Compte rendu concert. 38 iéme festival de la Roque d’Anthéron. Parc du Château de Florans, le 10 Aout 2018. Mozart. Schumann. Beethoven. François–Frédéric Guy. Lars Vogt. Royal Northern Sinfonia.
Concert Titanesque à La Roque
Les aléas climatiques rares mais sévères ont conduit le festival à annuler la nuit Beethoven du 9 Aout. Mais le courage de Lars Vogt est si grand qu’il a convaincu son orchestre de jouer le 10 le concert prévu et de rajouter les deux concertos de Beethoven prévus la veille. Il y a donc eu deux concerts se suivant permettant d’écouter trois concertos de piano parmi les plus difficiles et la pénultième symphonie de Mozart.
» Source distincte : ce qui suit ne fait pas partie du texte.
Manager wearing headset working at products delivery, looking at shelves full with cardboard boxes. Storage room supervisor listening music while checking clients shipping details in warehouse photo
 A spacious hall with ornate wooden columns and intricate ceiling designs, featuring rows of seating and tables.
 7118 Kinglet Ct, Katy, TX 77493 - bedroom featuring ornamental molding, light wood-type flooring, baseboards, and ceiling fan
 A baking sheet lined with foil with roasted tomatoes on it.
Détailler toutes les interprétations serait fastidieux à lire. Je me contenterai donc de l’impression générale de chaque œuvre. Mais avant tout je dois dire que je n’ai jamais ressenti quelque chose de comparable lors d’un concert. Car ce soir dès les premières notes j’ai été traversé par un sentiment de vivre un moment aussi exceptionnel que dangereux et ce sentiment d’urgence ne m’a quitté qu’avec les dernières notes du concerto l’Empereur. Et je dois dire que jamais je n’ai ressenti autant de plaisir lors d’un bis alors que souvent je les trouve superflus ou même impudiquement voir irrespectueusement réclamés.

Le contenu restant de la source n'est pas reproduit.